## Supplied data:
##########
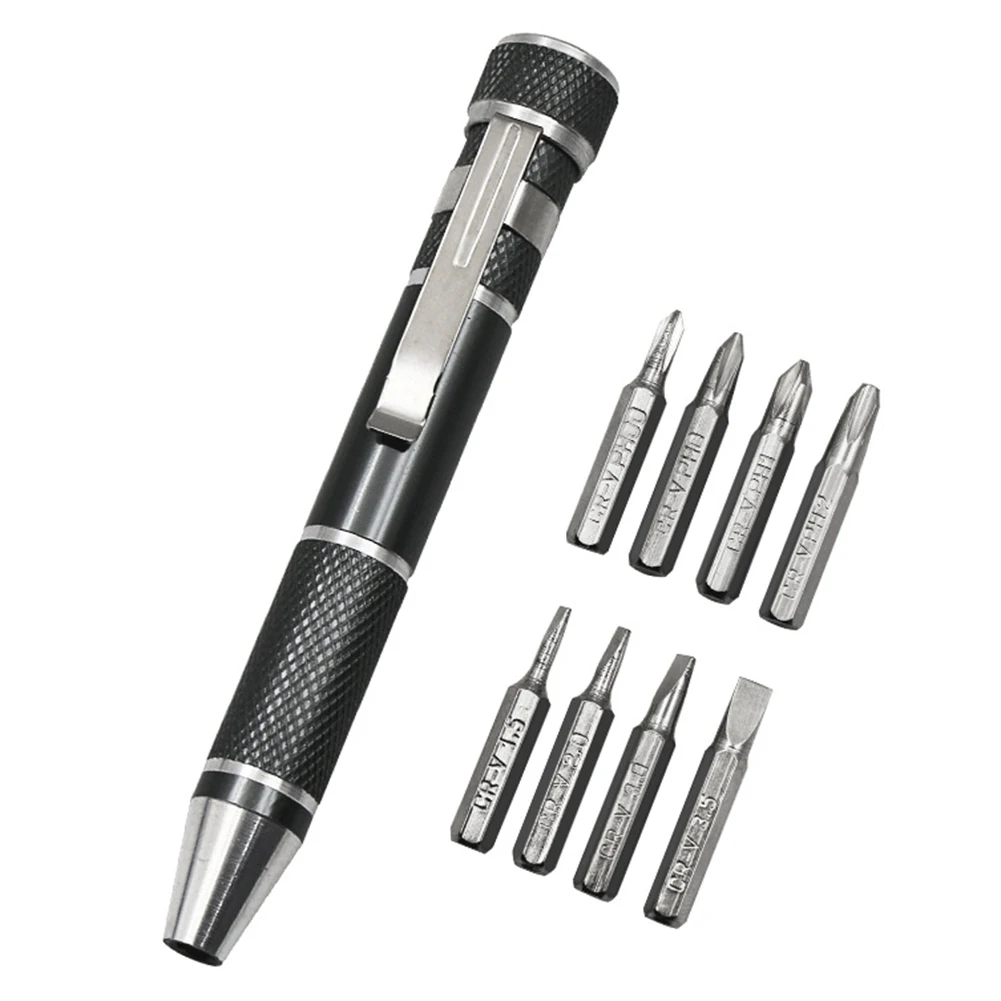 8 в 1 отвертка многофункциональная прецизионных отверток с магнитной мини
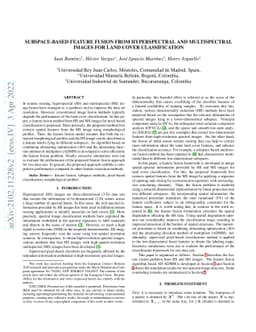 Subspace-Based Feature Fusion From Hyperspectral And Multispectral Image
  For Land Cover Classification
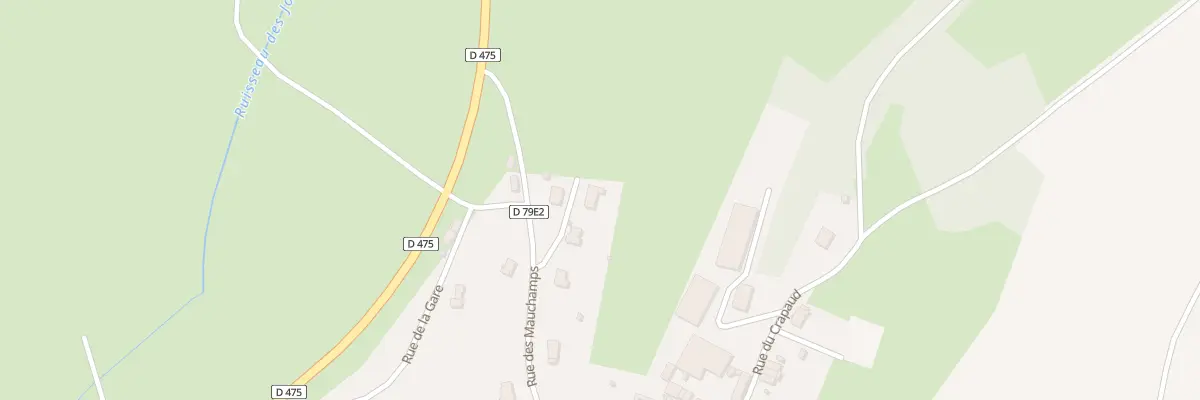 Plan du 4 Ptr Petite Rue des Courcelles à Menotey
##########
Across all the lines above, repeat the wording exactly and omit the pictures.

 8 в 1 отвертка многофункциональная прецизионных отверток с магнитной мини
 Subspace-Based Feature Fusion From Hyperspectral And Multispectral Image
  For Land Cover Classification
 Plan du 4 Ptr Petite Rue des Courcelles à Menotey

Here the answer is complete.